When I moved to Vancouver Island in 2005, the biggest worry we had when using the ferry was the dreaded “one-ferry wait.” It did happen on occasion but it was the exception, not the rule.

Fast forward to 2022 and due to many factors, we had a reality check of the new normal for the residents of the Island. Multiple sailing waits, sailing cancellations, and now, the latest, full parking lots for those that thought walking onto the ferry was the way to avoid the hassle of taking a car. I heard multiple stories of family reunions delayed or cancelled on both sides of the strait, just because people could not make it.

And then, I realized, closing the loop on my own thoughts, that the ferry system is basically still the same we had back in 2005. Same sailings, slightly bigger boats (but not too much), same terminals, etc.

Population has increased, mobility between the mainland and the island has increased, sophistication of the travellers has increased and yet, the system looks almost the same.

Perhaps it is time that all the interested parties sit together and really give this a hard, long thought: Do we want to be in the same boat (pun intended) in 2040? Or is it time to think about a better way to serve the transportation needs of Island residents?

Daniel Sanchez
Victoria

Weed, weed everywhere, but no coolers, please

Has it really been four years since weed became legal? Time flies.

I remember not so long ago being able to walk through our downtown core (where we live), only rarely smelling the skunky smell of the stuff.

Now, cars drive by with the smoke pouring out the windows and users are puffing away on every street corner or nook along the sidewalk. Downtown smells like a weed “den.”

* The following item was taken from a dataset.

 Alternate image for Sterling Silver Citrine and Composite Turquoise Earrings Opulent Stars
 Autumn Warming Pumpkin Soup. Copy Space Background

But if I want to quietly sip on a vodka cooler or beer as I walk through this fog, I could be arrested for consuming alcohol in a public place. How things have changed, and not for the better.

Stephen Kishkan
Victoria

Colwood Crawl … through garbage

I think I speak for thousands of other commuters coming in each morning from the west and the north; the traffic is bad enough, but to see the garbage of paper and plastic scattered all over the centre meridian day in and day out is maddening and disgusting.

I don’t recall it being this bad over the years. The highway crews and municipalities responsible for cleanup are not doing their jobs. Furthermore, there needs to be increased oversight on catching vehicles that aren’t securing their loads.

I’m tempted to pull over myself or rally students with garbage bags, but that wouldn’t be safe. I’ve lived in many places and always prided Greater Victoria as being a beautiful place; we invest in flowers and nice banners, but let’s focus on picking up the highway garbage also.

We talk about the need to save our planet from pollution and we can’t save 10 kilometres of highway from garbage? We can do better.

Glen Palahicky
Victoria

Overcrowded hospital scenes are shocking

A recent experience at Victoria General Hospital has shocked and devastated me. The doctors and nurses are doing the best they can under catastrophic circumstances.

I saw eight- to 12-hour waits in intake emergency, emergency patients lining the corridors in the triage area in makeshift stretcher beds with no call buttons because there were no beds in emergency or in the hospital, many paramedics having to stay with intakes because there were no beds in emergency, which of course leads to fewer ambulances available on the streets.

Once a “bed” was found, we felt lucky to get a tiny makeshift consult room as the ward corridors were lined with patients as well. The ward was a dumping ground for a vast array of cases because there was no room in the appropriate ward my mum should have been in.

Understaffing led to multiple calls unanswered in the night for pain meds, and when they wanted to move my 86-year-old mother with pelvic fractures and a colostomy bag to the corridor to “make room” for a patient just out of surgery, I knew we were lost.